As I’ve mentioned before, my family homeschools.
I’ve done a lot of research and planning to ensure that I give my children the best education I can, but with the passage in the Utah State House of Representative Draxler’s Mining literacy bill today, I’m concerned that there might be a major gap in my kids’ education. The bill allocates money (from a fund paid for by the oil and gas industry for reclaiming abandoned wells) to develop curriculum explaining the positive side of the oil and gas industry.
From the article linked above:
“The critical reason [for the bill] is balance,” Draxler told TPM in an interview. “I believe that the development of natural resources sometimes gets an unjust black eye.”
“They are being taught a lot about recycling and conservation and global warming,” he said, adding that he did not oppose students learning about those things. “But very few of them know about the petroleum industry and the mining industry.”
Shoot, I teach my kids about recycling and the benefits of car-light travel, but what about the relatively tiny environmental impact of drilling an oil well or mining coal through mountaintop removal? They’re only hearing the bad parts, especially with the media going on and on about the oil spill in the Gulf of Mexico (not to mention the two oil spills we’ve had here in Salt Lake in the past year). Where’s the balance?
I’m going to try to get some industry-funded curriculum about the environmental impacts of mining for our homeschool. Maybe I can even attend a workshop to help me better teach the subject, like Draxler wants to have available for public school teachers.

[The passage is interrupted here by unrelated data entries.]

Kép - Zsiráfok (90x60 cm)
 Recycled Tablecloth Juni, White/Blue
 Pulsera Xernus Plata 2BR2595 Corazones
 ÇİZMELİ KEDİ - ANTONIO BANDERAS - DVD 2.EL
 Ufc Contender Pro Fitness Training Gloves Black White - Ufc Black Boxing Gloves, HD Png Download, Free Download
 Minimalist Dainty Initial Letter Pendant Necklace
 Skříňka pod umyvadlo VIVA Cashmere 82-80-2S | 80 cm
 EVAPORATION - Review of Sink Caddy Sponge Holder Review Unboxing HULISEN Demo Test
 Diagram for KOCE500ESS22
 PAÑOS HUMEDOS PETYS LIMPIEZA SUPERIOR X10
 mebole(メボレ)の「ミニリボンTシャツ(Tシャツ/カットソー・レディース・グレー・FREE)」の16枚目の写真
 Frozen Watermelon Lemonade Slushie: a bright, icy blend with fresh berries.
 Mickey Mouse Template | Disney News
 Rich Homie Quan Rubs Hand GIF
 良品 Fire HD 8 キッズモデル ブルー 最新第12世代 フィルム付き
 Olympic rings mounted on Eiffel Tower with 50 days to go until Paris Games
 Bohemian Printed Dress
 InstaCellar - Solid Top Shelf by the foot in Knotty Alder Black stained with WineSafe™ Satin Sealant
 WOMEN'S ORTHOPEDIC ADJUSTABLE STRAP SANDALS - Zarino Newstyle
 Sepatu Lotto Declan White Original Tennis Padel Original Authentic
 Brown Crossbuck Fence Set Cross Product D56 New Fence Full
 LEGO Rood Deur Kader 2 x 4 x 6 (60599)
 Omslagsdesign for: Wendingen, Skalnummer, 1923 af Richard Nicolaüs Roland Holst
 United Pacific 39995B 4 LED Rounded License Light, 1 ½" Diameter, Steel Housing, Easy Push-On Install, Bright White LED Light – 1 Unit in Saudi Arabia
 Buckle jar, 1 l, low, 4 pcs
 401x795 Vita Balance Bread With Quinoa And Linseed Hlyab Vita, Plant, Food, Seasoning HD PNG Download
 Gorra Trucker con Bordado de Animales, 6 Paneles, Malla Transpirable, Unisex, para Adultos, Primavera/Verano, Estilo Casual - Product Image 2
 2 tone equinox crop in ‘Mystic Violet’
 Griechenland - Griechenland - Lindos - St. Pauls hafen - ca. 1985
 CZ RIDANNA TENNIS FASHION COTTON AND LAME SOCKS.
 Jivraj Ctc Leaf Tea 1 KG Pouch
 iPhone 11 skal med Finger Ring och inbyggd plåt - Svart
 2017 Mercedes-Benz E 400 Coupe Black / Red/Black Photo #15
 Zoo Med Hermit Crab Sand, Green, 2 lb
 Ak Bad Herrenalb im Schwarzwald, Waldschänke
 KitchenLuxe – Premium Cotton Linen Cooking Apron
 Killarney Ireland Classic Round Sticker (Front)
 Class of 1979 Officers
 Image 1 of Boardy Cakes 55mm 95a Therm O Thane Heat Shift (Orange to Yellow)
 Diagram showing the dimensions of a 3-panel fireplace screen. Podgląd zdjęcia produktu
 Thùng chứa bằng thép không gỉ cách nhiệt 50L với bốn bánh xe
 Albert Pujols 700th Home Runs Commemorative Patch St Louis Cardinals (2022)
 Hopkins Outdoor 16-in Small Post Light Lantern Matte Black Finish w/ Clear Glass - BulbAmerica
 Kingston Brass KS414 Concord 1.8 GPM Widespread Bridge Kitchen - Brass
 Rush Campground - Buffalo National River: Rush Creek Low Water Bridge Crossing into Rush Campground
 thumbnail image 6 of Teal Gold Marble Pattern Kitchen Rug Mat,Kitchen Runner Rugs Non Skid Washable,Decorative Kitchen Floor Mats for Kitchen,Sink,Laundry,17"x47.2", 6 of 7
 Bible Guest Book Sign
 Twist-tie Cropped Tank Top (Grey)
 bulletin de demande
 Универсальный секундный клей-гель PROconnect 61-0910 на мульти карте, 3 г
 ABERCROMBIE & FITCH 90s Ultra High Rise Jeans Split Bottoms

While I’m at it, I’m going to have Nestle USA give us information about fighting childhood obesity for our nutrition curriculum. With products ranging from artificial baby milk to frozen pizza to non-dairy creamer, Nestle is a company that knows about obesity.
I wonder if I can get someone in the auto industry to develop curriculum about the benefits of individual automobile travel compared to taking public transportation.
Choosing to homeschool my children has put them at a decided disadvantage academically, but with a little effort, I think I can give them the same high-quality education they would otherwise receive from our public schools.
Now to order the Coke machine for in our kitchen.